## Task:
Your answer is every line of the material below in which the string "Image" occurs.

## Supplied data:
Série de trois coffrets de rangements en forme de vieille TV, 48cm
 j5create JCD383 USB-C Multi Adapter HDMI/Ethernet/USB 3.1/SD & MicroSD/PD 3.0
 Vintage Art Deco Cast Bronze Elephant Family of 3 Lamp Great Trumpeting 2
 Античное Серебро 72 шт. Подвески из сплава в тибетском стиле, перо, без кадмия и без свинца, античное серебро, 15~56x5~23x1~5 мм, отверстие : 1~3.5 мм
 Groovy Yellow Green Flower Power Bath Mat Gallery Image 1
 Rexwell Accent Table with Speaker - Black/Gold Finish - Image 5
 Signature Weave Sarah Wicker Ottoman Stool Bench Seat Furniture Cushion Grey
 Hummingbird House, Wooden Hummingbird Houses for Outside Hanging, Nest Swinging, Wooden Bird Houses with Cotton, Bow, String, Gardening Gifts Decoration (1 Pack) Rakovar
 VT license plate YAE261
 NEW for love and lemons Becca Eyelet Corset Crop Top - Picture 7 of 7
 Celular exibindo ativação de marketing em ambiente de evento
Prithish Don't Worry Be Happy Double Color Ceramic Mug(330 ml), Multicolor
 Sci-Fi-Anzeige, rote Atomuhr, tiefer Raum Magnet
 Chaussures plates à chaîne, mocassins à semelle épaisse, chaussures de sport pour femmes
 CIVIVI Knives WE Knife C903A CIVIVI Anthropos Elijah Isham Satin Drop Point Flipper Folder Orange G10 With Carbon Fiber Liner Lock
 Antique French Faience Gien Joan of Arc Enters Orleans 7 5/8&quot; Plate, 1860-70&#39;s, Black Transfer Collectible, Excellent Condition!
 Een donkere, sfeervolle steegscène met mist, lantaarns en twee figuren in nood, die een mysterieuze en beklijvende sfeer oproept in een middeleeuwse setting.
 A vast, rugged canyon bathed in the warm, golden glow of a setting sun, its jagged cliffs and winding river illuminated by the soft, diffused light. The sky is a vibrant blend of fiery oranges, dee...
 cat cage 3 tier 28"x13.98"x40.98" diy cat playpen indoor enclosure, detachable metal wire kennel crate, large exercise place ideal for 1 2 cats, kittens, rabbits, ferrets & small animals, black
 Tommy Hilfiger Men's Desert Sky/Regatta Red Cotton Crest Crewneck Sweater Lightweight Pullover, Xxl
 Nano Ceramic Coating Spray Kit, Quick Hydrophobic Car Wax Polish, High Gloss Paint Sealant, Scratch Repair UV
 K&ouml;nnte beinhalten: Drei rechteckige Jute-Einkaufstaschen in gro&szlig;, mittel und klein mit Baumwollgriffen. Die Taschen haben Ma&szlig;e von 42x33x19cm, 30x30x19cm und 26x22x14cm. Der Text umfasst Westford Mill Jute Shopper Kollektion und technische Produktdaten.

## Answer for this exercise:
 Groovy Yellow Green Flower Power Bath Mat Gallery Image 1
 Rexwell Accent Table with Speaker - Black/Gold Finish - Image 5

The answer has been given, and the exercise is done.